*** SOURCE MATERIAL ***

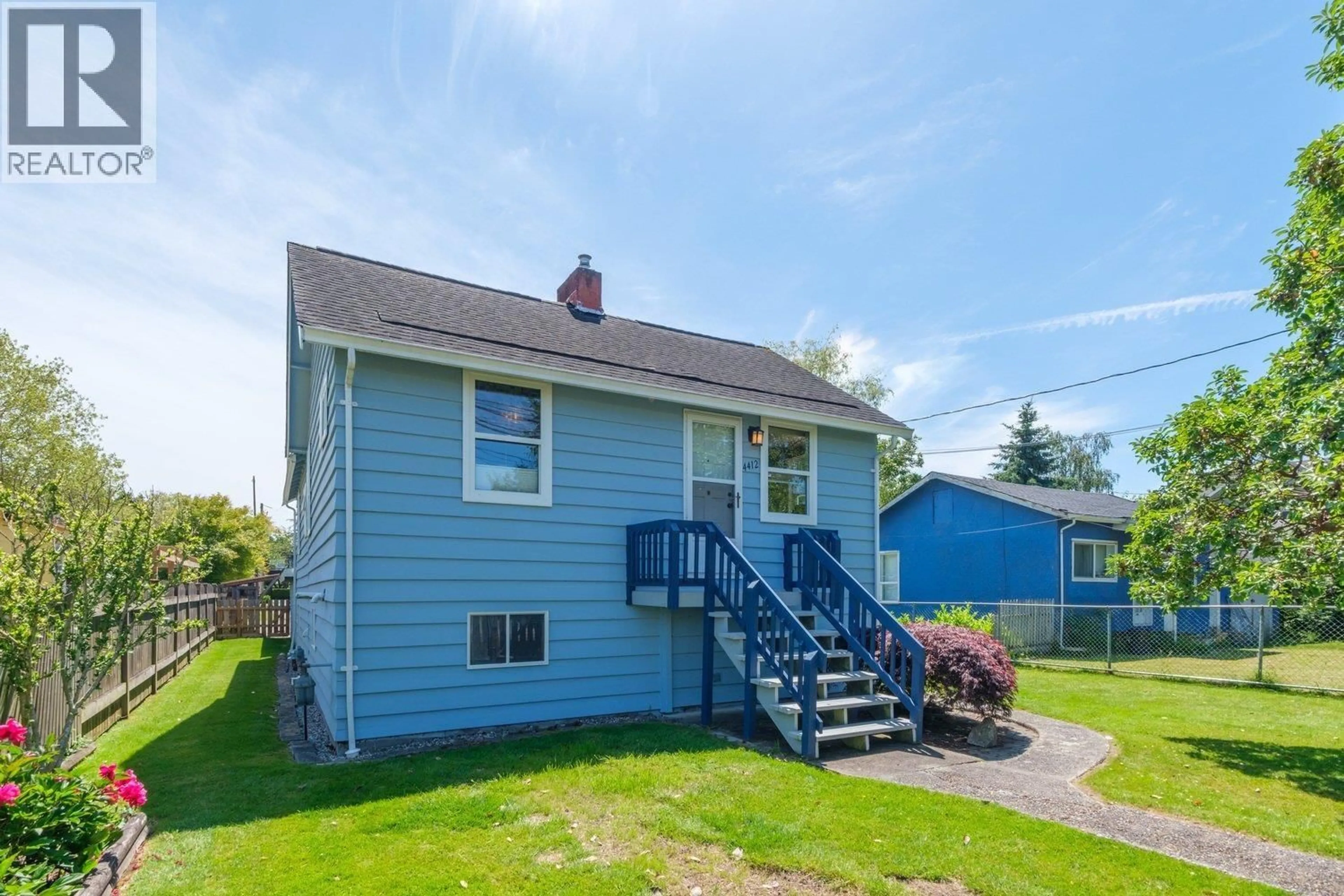 Home with vinyl exterior material, street for 4412 RIVER ROAD, Delta British Columbia V4K1S2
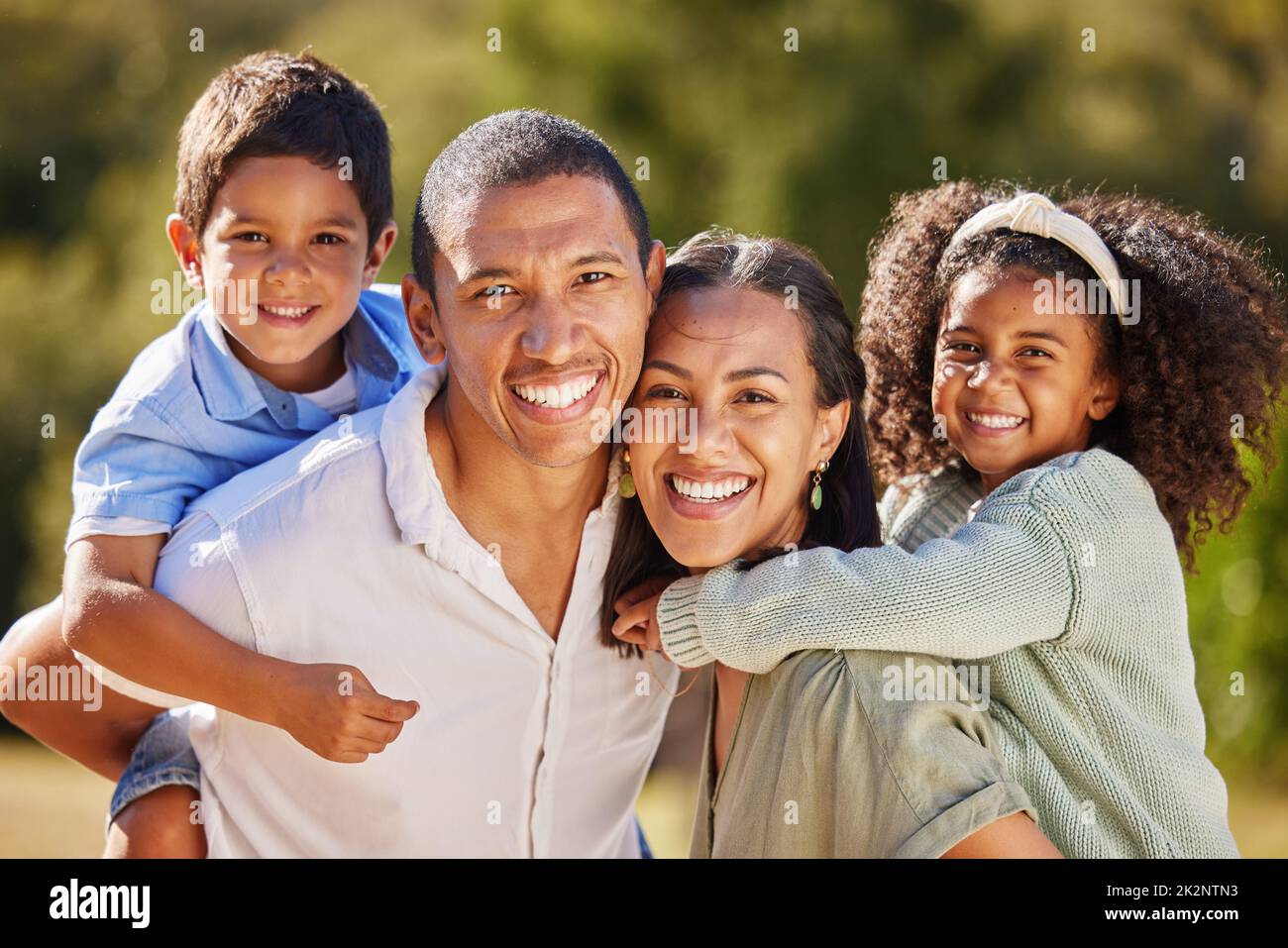 Happy, family and smile of a mom, dad and children in a park in nature ...
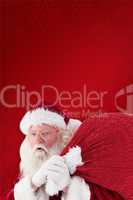 Composite image of santa takes care about his sack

***

→ HOW TO COMPLETE THIS TASK
Return the whole listing exactly, minus its pictures.

→ OUTPUT OF THE EXERCISE
 Home with vinyl exterior material, street for 4412 RIVER ROAD, Delta British Columbia V4K1S2
 Happy, family and smile of a mom, dad and children in a park in nature ...
 Composite image of santa takes care about his sack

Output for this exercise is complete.